Converting both summands to exponential form, $\begin{align*} -1 + i\sqrt{3} &= 2e^{\frac{2\pi i}{3}}, \\ -1 - i\sqrt{3} &= 2e^{-\frac{2\pi i}{3}} = 2e^{\frac{4\pi i}{3}}. \end{align*}$ Notice that the two terms in the problem are two of the third roots of unity (that is, both of them equal $1$ when raised to the power of $3$ ). When we replace the summands with their exponential form, we get $f(n) = \left(e^{\frac{2\pi i}{3}}\right)^n + \left(e^{\frac{4\pi i}{3}}\right)^n.$ When we substitute $n = 2022$ , we get $f(2022) = \left(e^{\frac{2\pi i}{3}}\right)^{2022} + \left(e^{\frac{4\pi i}{3}}\right)^{2022}.$ We can rewrite $2022$ as $3 \cdot 674$ , how does that help? $f(2022) = \left(e^{\frac{2\pi i}{3}}\right)^{3 \cdot 674} + \left(e^{\frac{4\pi i}{3}}\right)^{3 \cdot 674} = \left(\left(e^{\frac{2\pi i}{3}}\right)^{3}\right)^{674} + \left(\left(e^{\frac{4\pi i}{3}}\right)^{3}\right)^{674} = 1^{674} + 1^{674} = \boxed{\textbf{(E)} \ 2}.$ Since any third root of unity must cube to $1$ .

~ zoomanTV

Solution 2 (Eisenstein Units)

The numbers $\frac{-1+i\sqrt{3}}{2}$ and $\frac{-1-i\sqrt{3}}{2}$ are both $\textbf{Eisenstein Units}$ (along with $1$ ), denoted as $\omega$ and $\omega^2$ , respectively. They have the property that when they are cubed, they equal to $1$ . Thus, we can immediately solve: $\omega^{2022} + \omega^{2 \cdot 2022} = \omega^{3 \cdot 674} + \omega^{3 \cdot 2 \cdot 674} = 1^{674} + 1^{2 \cdot 674} = \boxed{\textbf{(E)} \ 2}.$ ~mathboy100

Solution 3 (Quick and Easy)

We begin by recognizing this form looks similar to the definition of cosine: $\cos(x)=\frac{e^{ix}+e^{-ix}}{2}.$ We can convert our two terms into exponential form to find $f(n) = \left( e^{\frac{2\pi i}{3}} \right ) ^n + \left ( e^{-\frac{2\pi i}{3}} \right ) ^n=e^{\frac{2 \pi i n}{3}} + e^{-\frac{2\pi i n}{3}}.$ This simplifies nicely: $f(n)=2\cos\left( \frac{2\pi n}{3} \right).$ Thus, $f(2022)=2\cos \left ( \frac{2\pi (2022) }{3} \right) = 2\cos(1348 \pi) = \boxed{\textbf{(E)}\ 2}.$

~Indiiiigo

Solution 4 (Third-order Homogeneous Linear Recurrence Relation)

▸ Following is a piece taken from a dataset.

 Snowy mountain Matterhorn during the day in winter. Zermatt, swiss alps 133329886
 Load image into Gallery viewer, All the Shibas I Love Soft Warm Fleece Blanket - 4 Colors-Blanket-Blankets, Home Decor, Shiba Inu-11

Notice how this looks like the closed form of the Fibonacci sequence except different roots. This is motivation to turn this closed formula into a recurrence relation. The base of the exponents are the roots of the characteristic equation $r^3-1=0$ . So we have $\begin{align*} a_0&=2\\ a_1&=-1\\ a_2&=-1\\ a_n&=a_{n-3} \end{align*}$ Every time $n$ is multiple of $3$ as is true when $n=2022$ , $a_n= \boxed{\textbf{(E)} \ 2}$ ~lopkiloinm

Solution 5 (Polynomial + Recursion)

Let $a = \frac{-1+i\sqrt{3}}{2}$ and $b = \frac{-1-i\sqrt{3}}{2}$ . We know that $a + b = -1$ and $a \cdot b = 1$ . Therefore, a and b are the roots of $x^2 + x + 1 = 0$ . By the factor theorem, $a^2 + a + 1 = 0$ and $b^2 + b + 1 = 0$ . Multiply the first equation by $a^{n-2}$ and the second equation by $b^{n-2}$ . This gives us $a^n + a^{n-1} + a^{n-2} = 0$ and $b^n + b^{n-1} + b^{n-2} = 0$ . Adding both equations together we get $a^n + b^n + a^{n-1} + b^{n-1}+ a^{n-2} + b^{n-2} = 0$ . This is the same as $f(n) + f(n-1) + f(n-2) = 0$ . Therefore, $f(n) = -f(n-1) - f(n-2)$ . Plugging in $n=1,2,3,4,5$ , and $6$ , we get $f(n) = -1, -1, 2, -1, -1, 2$ . Therefore we know that if $n$ is a multiple of $3$ , then $f(n)$ is $2$ . Since $2022$ is a multiple of $3$ , our answers is $E) 2$ . ~vpeddi18

Solution 6 (SO FAST)

Converting the two terms into rectangular form,

$f(2022)=\left(\cos{\frac{2\pi}{3}}+i\sin{\frac{2\pi}{3}}\right)^{2022}+\left(\cos{\frac{4\pi}{3}}+i\sin{\frac{4\pi}{3}}\right)^{2022}.$

By DeMoivre's Theorem,

$f(2022)=\left(\cos{\left(\frac{2\pi}{3}\cdot{2022}\right)}+i\sin{\left(\frac{2\pi}{3}\cdot{2022}\right)}\right)+\left(\cos{\left(\frac{4\pi}{3}\cdot{2022}\right)}+i\sin{\left(\frac{4\pi}{3}\cdot{2022}\right)}\right).$

Note that $\cos{\pi\cdot{k}}=1$ if $k$ is even and $-1$ if $k$ is odd, and that $\sin{\pi\cdot{k}}=0$ for all integers $k$ .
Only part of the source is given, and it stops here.